Scripts for Head-on and co-directional RNA polymerase collisions orchestrate bidirectional transcription termination

The python scripts used to extract data for analysis of Lumick's CTrap .h5 files are listed here. Short descriptions of what each script does are attached below. Additional details and suggested use cases/tutorials for each individual script are available on Lumicks' Harbor code-sharing repository (https://harbor.lumicks.com/).

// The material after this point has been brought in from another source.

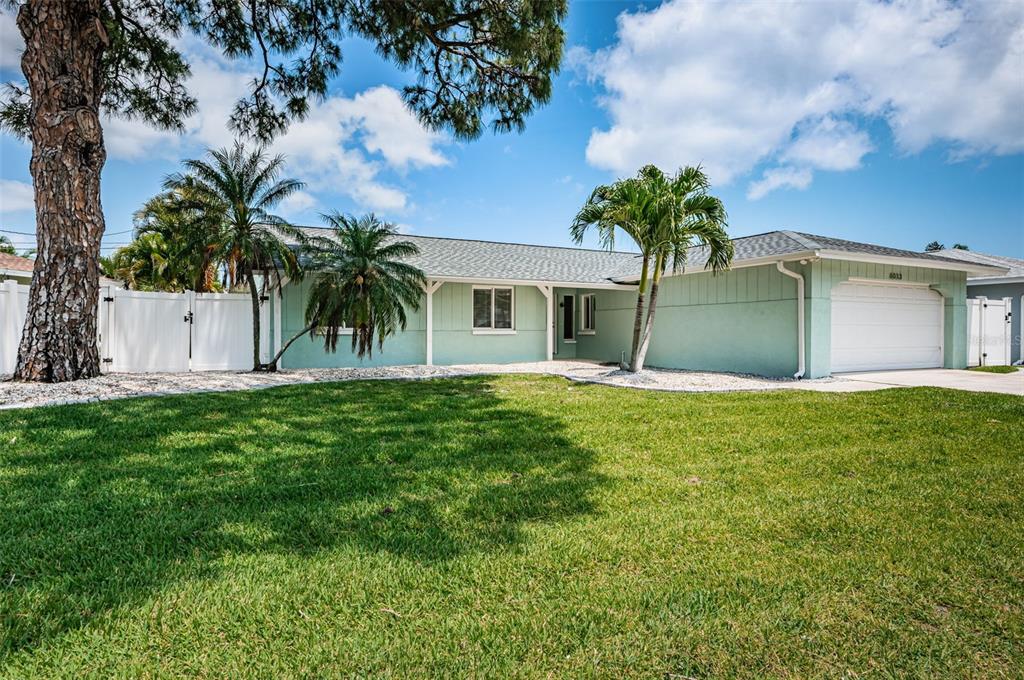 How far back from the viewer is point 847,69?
12.2 metres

CTrapVis.py ("CTrapVis" on Harbor)

This script is the second version of a GUI designed to dynamically look through .h5 files from a Lumicks C-Trap instrument and extract desired data for further analysis. This script allows users to take full advantage of the tools in the pylake library to visualize and extract data of interest without python scripting knowledge or the need for a computer with blue lake software. Users are able to choose what plots they want(Trap Position vs. Time, Force vs. Distance, Force vs. Time, RGB image, or a combination of RGB and one of the force/trap position options) with options to customize the plot to add a title, scale RGB image values, shift the axis of all available axis. This script can analyze kymograph, scans/multiple scans, and force-distance curves contained within a .h5 file.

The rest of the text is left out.